## Exercise details
The following data is to be repeated exactly, its pictures excluded.

## Supplied data
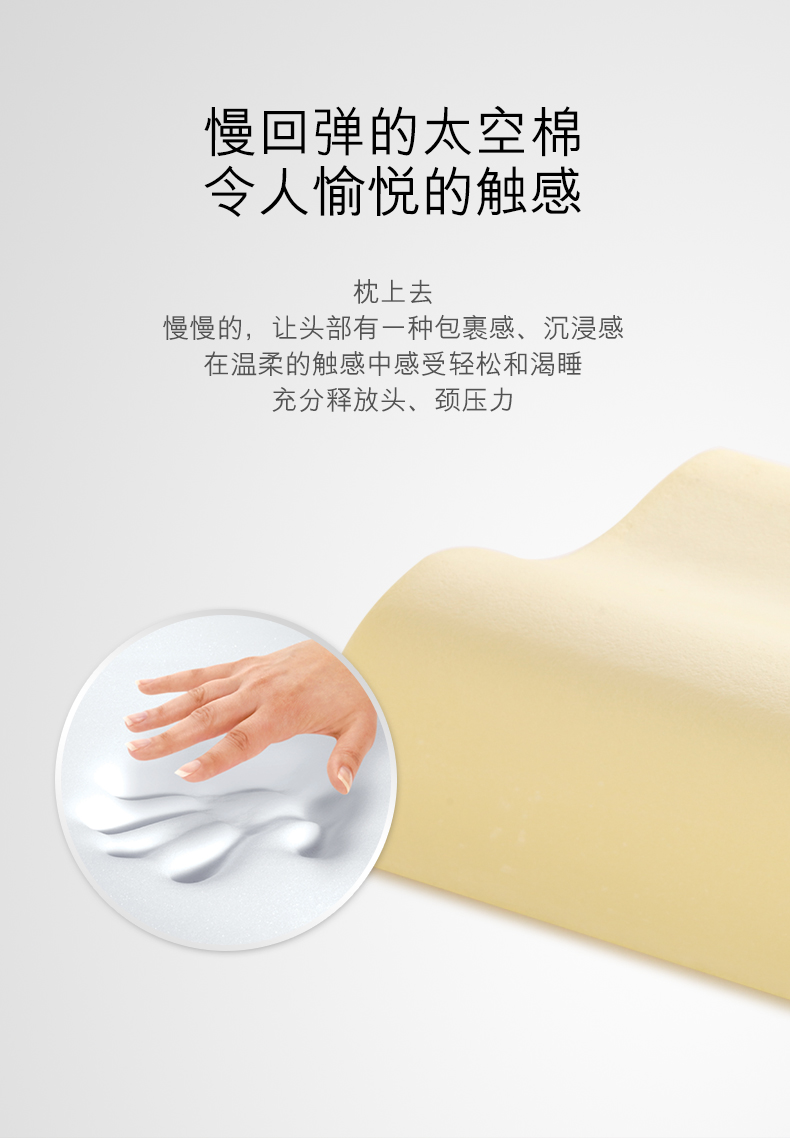 SINOMAX / Shiner bộ nhớ phục hồi chậm bọt gối bộ nhớ không gian gối cổ chăm sóc người lớn gối cổ tử cung một cặp cài đặt - Gối gối ngủ văn phòng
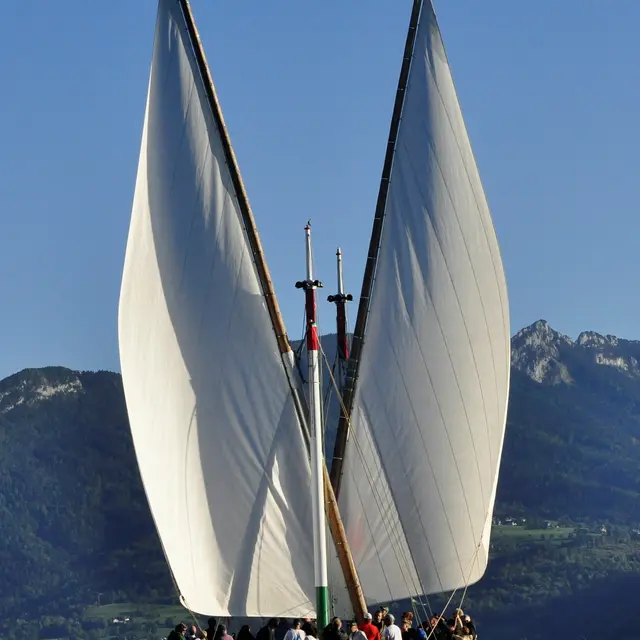 Espérance III, La barque à voiles latines du lac d'Annecy - Journées européennes du patrimoine et du matrimoine_Annecy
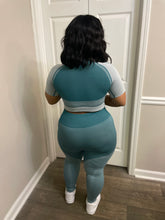 Load image into Gallery viewer, Teal Green Activewear Set
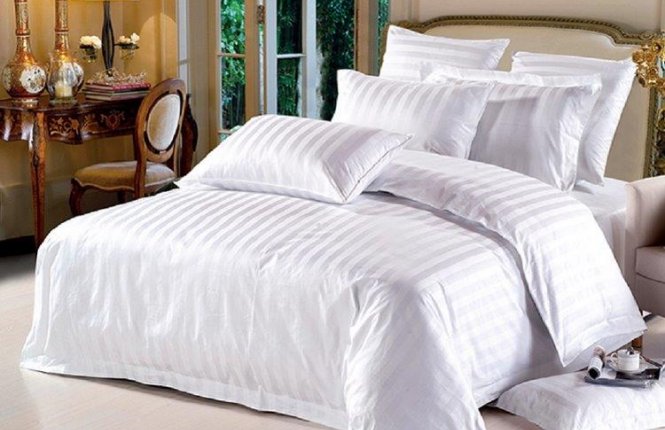 Простыня 150*235 сатин страйп 3*3 (135 гр/кв.м) фото |от производителя компании Одеялко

## Solved problem
 SINOMAX / Shiner bộ nhớ phục hồi chậm bọt gối bộ nhớ không gian gối cổ chăm sóc người lớn gối cổ tử cung một cặp cài đặt - Gối gối ngủ văn phòng
 Espérance III, La barque à voiles latines du lac d'Annecy - Journées européennes du patrimoine et du matrimoine_Annecy
 Load image into Gallery viewer, Teal Green Activewear Set
 Простыня 150*235 сатин страйп 3*3 (135 гр/кв.м) фото |от производителя компании Одеялко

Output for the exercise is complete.